Chalon sur un air de déjà vu

Écrasés par le Maccabi Tel Aviv, les Bourguignons sont venus s’ajouter à la (trop) longue liste des clubs français étrillés sur la scène européenne.

Largement défait par le Maccabi Tel Aviv hier soir, Chalon a affiché ses limites contre à une formation candidate aux quarts de finale. Désireux d’atteindre le Top 16, chose qu’aucune équipe française n’a réalisé depuis Pau-Orthez en 2006-07, les champions de France en titre ont reçu une leçon bien mérité face à ce qui devrait être leur lot commun dans les mois à venir, en cas de qualification.

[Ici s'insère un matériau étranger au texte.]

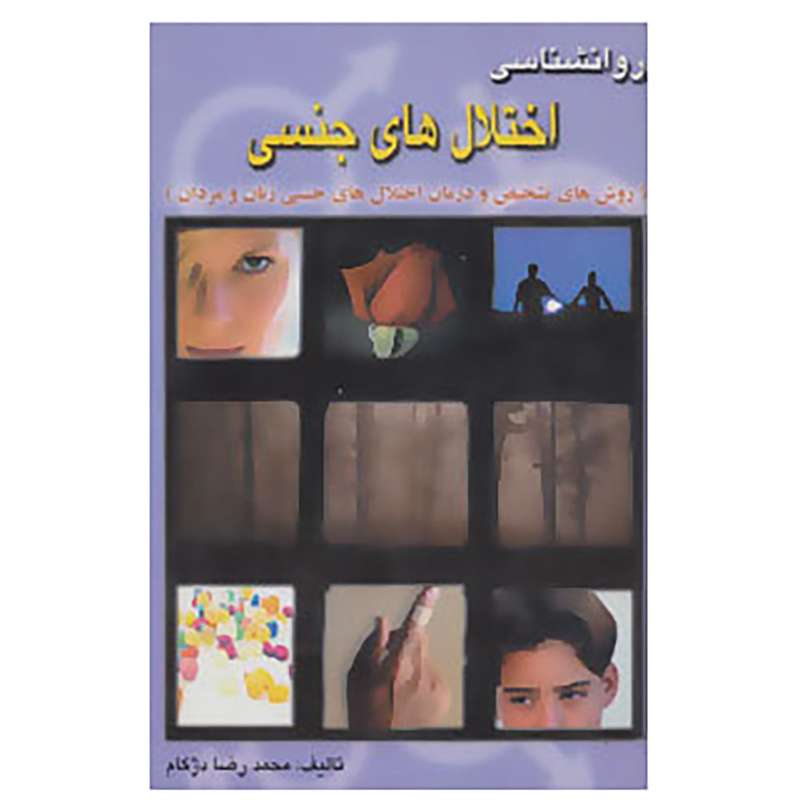 کتاب روانشناسی اختلال های جنسی اثر محمدرضا دژکام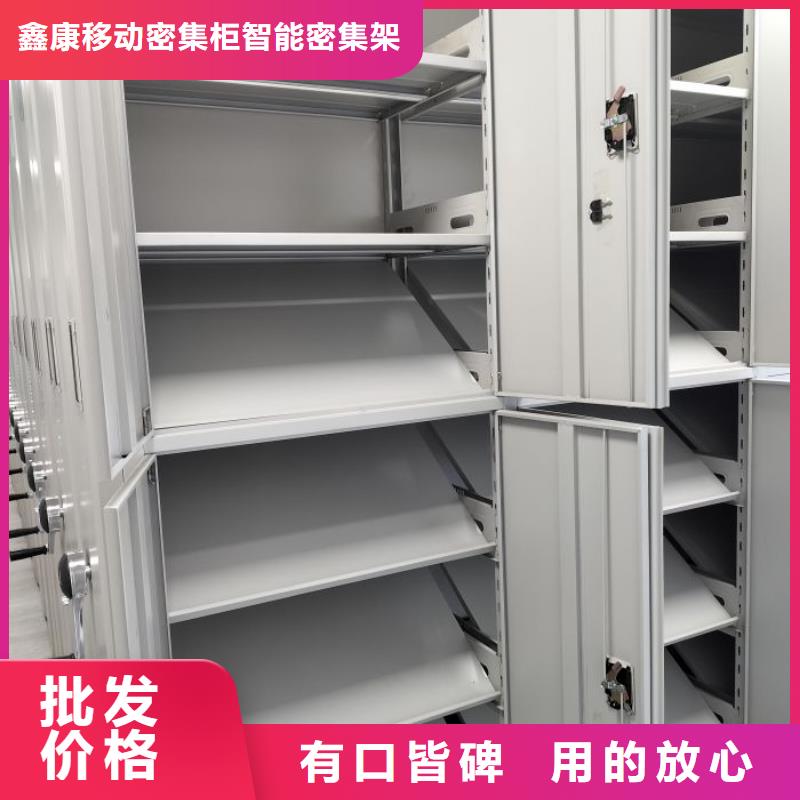 銷售方法【鑫康】電動智能檔案柜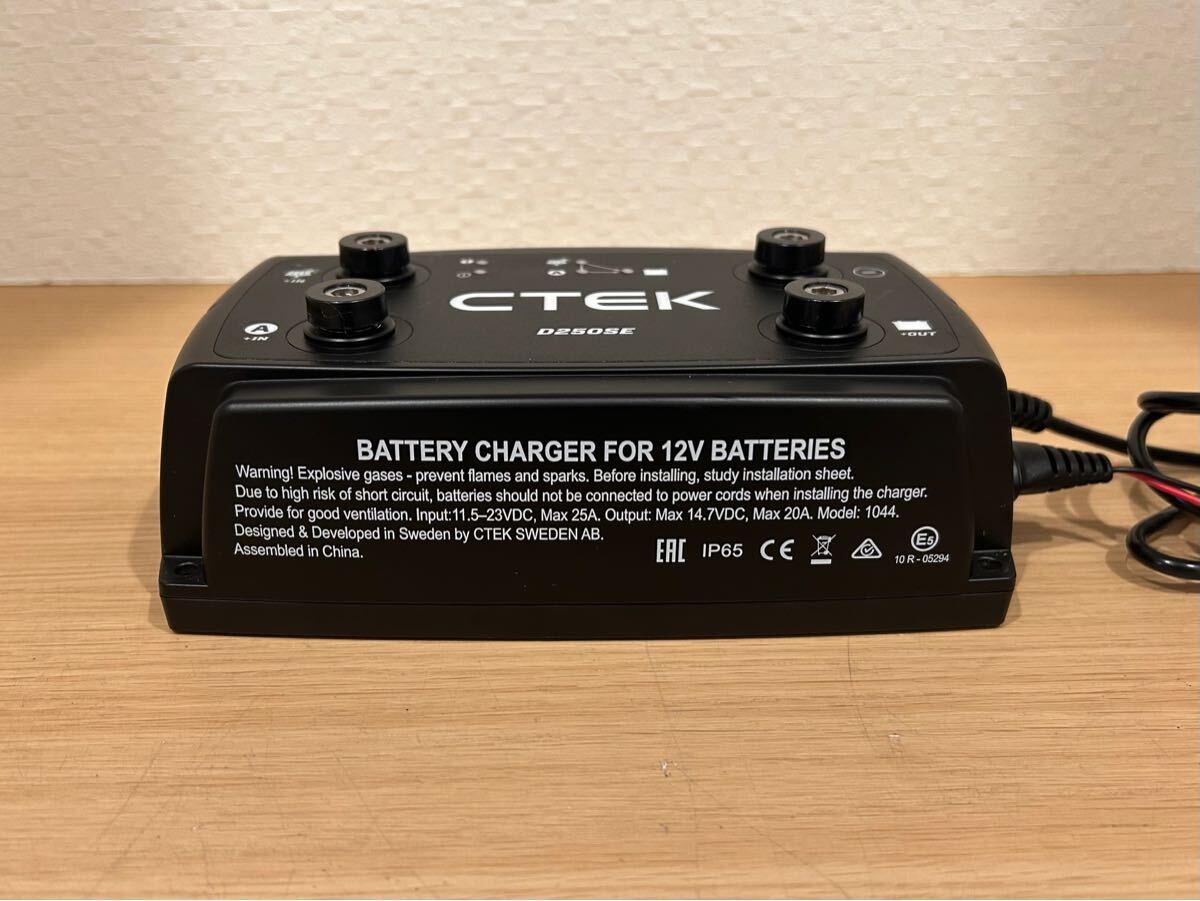 走行充電器 CTEK（鉛・リチウム電池対応）12V IP65 CTEK ⁄ D250SE本店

Déjà avertis il y a deux semaines face à Gdynia, puis punis à Berlin, les Bourguignons ont cette fois-ci failli dans les grandes largeurs, car en plus d’être dominés dans le jeu, bon nombre de joueurs, à commencer par leur leader Blake Schilb, ont fait preuve d’une grande suffisance, voire même de je-m’en-foutisme. Cette incroyable tentative d’alley-oop à -21 en étant la preuve.

Rien de plus agaçant quand on sait que cette équipe, favorite à sa propre succession, a pu bénéficier du coup de pouce de la Ligue au moment de renforcer son effectif, de façon justement à éviter pareilles déroutes. Car si l’on savait que la bande à Steed Tchicamboud n’avait que très peu de chance de faire chuter le Club Nation, un tel affront vient rappeler les terribles Caja Laboral – SLUC Nancy de 2011 (-35) et Chorale de Roanne – Panathinaikos de 2007 (- 40).

Quoi de plus navrant, aussi, quand on sait que le match était mis en lumière par l’Euroleague, cette même ligue qui, depuis plusieurs années, et vraisemblablement à juste titre, boycotte notre championnat hexagonal au profit de la Bundesliga ou de cet infâme Asseco Prokom.

A l’heure où la participation des clubs français à la plus grande des compétitions européennes est remise en cause, il serait donc bon de ne pas savonner un peu plus une pente déjà très glissante.

Le Final Four de l’ASVEL en 1997 semble loin. La victoire de Limoges encore plus.

Quid du jeu ?

Outre le constat alarmant sur l’état d’esprit de certains joueurs – les jeunes mis à part –, le style de jeu pratiqué en Pro A est, encore une fois, à remettre en cause. Battus tactiquement et techniquement, les Français, habitués au « plus vite, plus haut, plus fort » prôné depuis plusieurs années, se sont aussi faire battre sur leur propre terrain.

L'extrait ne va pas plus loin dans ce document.